Steirerin im Interview: "Ich begegnete so vielen Verletzten"
Die Österreicherin Lisa Taschler (33) lebt seit 2017 in Beirut und arbeitet als Regionalleiterin des Roten Kreuzes für den Nahen Osten.
ÖSTERREICH: Wie haben Sie die Explosion erlebt?
Lisa Taschler: Ich besuchte Freunde – ungefähr 1,5 Kilometer vom Explosionsherd entfernt. Wir glaubten zuerst an ein Erdbeben. Dann folgte die große Explosion. Alle Fenster zerbarsten, Teile der Decke kamen herunter. Eine Frau neben mir war erstarrt. Ich packte sie am Arm, und wir liefen aus dem Gebäude.
ÖSTERREICH: Was machten Sie danach?
Taschler: Ich wollte nach Hause in meine Wohnung. Dort lebe ich seit Anfang an. Auf dem Weg begegneten mir viele blutende und verletzte Menschen. Ich blieb stehen und versuchte zu helfen. Aber ich hatte selbst keinen Verbandskoffer dabei. Ich weiß noch immer nicht, wie ich das so heil überstanden habe.

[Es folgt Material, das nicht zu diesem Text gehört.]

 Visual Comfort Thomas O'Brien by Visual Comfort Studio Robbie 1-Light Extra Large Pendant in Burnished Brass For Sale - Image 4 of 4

ÖSTERREICH: Was wurde aus Ihrer Wohnung?
Taschler: Wir haben dort zu zweit gewohnt. Die Druckwelle hat alles zerstört. Überall liegen Glassplitter. Wir sind nun in einem Hotel untergebracht.
ÖSTERREICH: Wie sieht die Situation derzeit vor Ort aus?
Taschler: Es haben so viele Menschen das Dach über dem Kopf verloren. Der Libanon braucht Hilfe aus dem Ausland. Wir bitten um Spenden für das krisengebeutelte Land. Schon vor der Explosion war der Libanon nahe der Armutsgrenze. Hier leben eineinhalb Millionen Flüchtlinge. Ende des letzten Jahres kam noch die schwere Wirtschaftskrise hinzu, und die Coronakrise hat zu den Problemen beigetragen.
ÖSTERREICH: Wie werden die Verletzten versorgt?
Taschler: Die Spitäler sind überfüllt. Das Rote Kreuz hat zusätzlich zwei Krankenstationen aufgebaut, um Verletzte zu versorgen. Es braucht außerdem dringend Blutspenden.
ÖSTERREICH: Haben Sie überlegt, nach Österreich zurückzukommen?
Taschler: Nein. Ich werde hier in dieser schweren Zeit gebraucht. Ich bleibe. Es ist unglaublich, wie stark die Solidarität hier vor Ort ist. Vor allem junge Menschen helfen freiwillig, die Stadt aufzuräumen und Wohnungen wieder bewohnbar zu machen.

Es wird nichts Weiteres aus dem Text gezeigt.